One local county sees decade-long high crash rate.


By the numbers

10 years in a row Logan County’s crash rate topped Ohio, Clark and Champaign averages.

1 time in 10 years that Clark, Logan or Champaign were under the national crash rate average

0 times in the last 10 years Ohio’s average was below the national average

Rural counties had a higher crash rate than more urban counties over the last 1o years, information released to the Logan and Champaign County Regional Planning Commission this week showed.

“Drivers are just going faster. Typically 25 or 35 mph on an urban road and typically 55 mph on a rural road, and the roads are narrower,” Clark County Engineer John Burr said.

Logan County’s crashes per vehicle miles traveled, a measure of how much traffic is flowing along a roadway during an average 24-hour period, was more than Champaign and Clark.

Champaign and Clark have been routinely under under Ohio’s crash average, but well above the national.

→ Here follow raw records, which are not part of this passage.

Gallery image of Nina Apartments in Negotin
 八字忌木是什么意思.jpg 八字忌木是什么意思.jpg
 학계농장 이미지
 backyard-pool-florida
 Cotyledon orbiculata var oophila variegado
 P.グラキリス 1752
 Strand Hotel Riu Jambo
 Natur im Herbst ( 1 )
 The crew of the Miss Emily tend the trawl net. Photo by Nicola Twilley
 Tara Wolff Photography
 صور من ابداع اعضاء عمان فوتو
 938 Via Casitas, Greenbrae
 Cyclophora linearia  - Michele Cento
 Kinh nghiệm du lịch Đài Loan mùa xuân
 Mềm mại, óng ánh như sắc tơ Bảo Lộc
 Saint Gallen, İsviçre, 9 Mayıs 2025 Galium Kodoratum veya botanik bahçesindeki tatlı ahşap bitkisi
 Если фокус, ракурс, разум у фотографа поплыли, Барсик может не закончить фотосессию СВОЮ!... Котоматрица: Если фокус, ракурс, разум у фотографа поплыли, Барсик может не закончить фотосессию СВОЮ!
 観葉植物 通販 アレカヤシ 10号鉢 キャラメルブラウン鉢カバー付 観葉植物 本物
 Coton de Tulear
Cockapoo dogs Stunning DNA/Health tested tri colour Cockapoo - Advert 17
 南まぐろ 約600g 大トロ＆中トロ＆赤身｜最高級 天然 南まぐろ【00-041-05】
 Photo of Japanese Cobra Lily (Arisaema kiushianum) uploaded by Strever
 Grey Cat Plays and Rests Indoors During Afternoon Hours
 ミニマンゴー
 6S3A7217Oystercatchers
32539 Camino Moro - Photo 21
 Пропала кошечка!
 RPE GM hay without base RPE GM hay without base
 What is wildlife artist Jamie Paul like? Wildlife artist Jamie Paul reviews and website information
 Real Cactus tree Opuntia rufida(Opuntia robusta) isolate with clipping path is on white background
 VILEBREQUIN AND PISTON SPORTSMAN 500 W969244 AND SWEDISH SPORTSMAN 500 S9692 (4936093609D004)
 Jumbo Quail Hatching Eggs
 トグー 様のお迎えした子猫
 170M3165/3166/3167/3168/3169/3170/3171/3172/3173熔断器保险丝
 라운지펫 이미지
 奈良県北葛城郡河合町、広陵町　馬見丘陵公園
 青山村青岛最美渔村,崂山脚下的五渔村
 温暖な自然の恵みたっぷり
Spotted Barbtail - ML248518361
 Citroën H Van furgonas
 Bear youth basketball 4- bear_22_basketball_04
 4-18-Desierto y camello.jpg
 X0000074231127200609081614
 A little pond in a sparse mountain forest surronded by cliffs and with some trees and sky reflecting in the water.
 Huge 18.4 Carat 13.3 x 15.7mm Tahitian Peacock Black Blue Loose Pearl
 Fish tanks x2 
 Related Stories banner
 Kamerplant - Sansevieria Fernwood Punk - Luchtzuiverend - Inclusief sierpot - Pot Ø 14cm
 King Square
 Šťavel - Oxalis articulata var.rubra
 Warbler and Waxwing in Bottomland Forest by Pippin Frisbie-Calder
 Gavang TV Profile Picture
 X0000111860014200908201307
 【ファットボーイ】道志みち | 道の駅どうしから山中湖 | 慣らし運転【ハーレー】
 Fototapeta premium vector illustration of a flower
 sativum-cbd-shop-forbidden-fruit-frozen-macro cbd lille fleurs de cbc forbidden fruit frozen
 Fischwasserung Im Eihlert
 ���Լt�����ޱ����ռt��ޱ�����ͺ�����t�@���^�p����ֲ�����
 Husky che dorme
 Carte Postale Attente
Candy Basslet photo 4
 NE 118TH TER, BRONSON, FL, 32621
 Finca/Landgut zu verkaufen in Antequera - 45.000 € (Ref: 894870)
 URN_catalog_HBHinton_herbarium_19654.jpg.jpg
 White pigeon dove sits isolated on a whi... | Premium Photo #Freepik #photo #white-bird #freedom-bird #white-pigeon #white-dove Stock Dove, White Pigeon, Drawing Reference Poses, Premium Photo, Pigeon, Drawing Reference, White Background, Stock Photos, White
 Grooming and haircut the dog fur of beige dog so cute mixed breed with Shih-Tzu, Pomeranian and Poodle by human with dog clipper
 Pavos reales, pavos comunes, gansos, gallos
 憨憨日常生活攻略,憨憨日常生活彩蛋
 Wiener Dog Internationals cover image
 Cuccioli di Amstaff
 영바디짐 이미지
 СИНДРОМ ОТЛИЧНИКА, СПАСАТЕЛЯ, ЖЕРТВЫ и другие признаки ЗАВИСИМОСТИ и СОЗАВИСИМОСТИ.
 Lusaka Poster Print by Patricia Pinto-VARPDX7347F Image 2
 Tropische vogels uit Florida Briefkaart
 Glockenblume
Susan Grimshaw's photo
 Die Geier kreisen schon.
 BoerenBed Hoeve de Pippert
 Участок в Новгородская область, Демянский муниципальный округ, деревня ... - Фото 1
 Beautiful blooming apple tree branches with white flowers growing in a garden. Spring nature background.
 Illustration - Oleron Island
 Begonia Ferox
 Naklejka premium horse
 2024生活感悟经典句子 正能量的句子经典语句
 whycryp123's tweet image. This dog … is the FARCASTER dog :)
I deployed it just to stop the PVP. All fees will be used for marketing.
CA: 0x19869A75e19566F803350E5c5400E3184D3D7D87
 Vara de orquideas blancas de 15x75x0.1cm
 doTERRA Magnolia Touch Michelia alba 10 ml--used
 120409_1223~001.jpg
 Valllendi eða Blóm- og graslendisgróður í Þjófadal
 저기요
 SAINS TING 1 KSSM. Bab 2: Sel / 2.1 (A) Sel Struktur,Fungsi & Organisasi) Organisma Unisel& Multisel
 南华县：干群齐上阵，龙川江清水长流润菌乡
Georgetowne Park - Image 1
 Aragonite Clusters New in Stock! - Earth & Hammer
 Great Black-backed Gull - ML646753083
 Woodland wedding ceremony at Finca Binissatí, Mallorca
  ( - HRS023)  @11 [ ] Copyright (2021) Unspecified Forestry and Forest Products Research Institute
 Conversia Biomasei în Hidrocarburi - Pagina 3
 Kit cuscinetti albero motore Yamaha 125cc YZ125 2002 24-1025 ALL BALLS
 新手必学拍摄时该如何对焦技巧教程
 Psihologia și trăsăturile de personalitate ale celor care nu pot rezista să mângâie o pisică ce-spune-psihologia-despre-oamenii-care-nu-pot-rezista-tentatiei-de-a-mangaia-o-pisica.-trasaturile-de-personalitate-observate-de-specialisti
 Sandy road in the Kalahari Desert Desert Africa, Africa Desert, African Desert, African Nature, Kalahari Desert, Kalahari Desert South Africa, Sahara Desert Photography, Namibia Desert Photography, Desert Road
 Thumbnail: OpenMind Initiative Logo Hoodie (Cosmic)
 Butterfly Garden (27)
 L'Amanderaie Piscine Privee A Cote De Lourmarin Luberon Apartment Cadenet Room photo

Logan and Champaign counties work with Union County under the Logan-Union-Champaign Regional Commission that is currently working with the Miami Valley Regional Planning Commission to lower those numbers.

“We are going to dig deeper into these numbers to hopefully get them down,” MVRPC Director Brian Martin said.

Martin presented the information at the LUC commission’s dinner Thursday night.

Martin explained in rural communities you have less people driving, but often the number of crashes are similar to more urban areas.

“There are a variety of factors that go into this. Deer, alcohol and human error,” Martin said.

He is working to create a Transportation Planning Document for the LUC to address issues like Logan County’s above-average crash rate calculation.

He said it will be up to the counties to work together to make improvements to make the roads safer and efficient.

Burr said there isn’t funding to keep up with all the road improvements needed.

He is currently working on a project on Lower Valley Pike, and to add a safety zone that includes a rumble strip on the side will cost more than $6 million.

He noted that number is higher than usual because there are three bridges along that stretch, but, on average, to widen a road to make it safer costs around $750,000 a mile.

Burr said the increasing cost of fuel has contributed to rise in the cost of asphalt in recent years, because fuel is involved in several parts of the process to expand a road.

In Springfield, Bechtle Avenue and First Street had the most crashes from 2010 to 2012, 106, and the intersection of Burnett and Main was second with 67.

A study by the Clark County-Springfield Transportation Coordinating Committee published this year highlighted how much more a rural county crash costs society compared to an urban crash in total economic impact to property and life.

A rural head-on crash costs society $207,656 and as opposed to $84,538 for a urban head-on crash, the study said.

“It costs more to society mainly because the crashes happen at such higher speeds,” TCC Administrative Assistant Melanie Runkel said.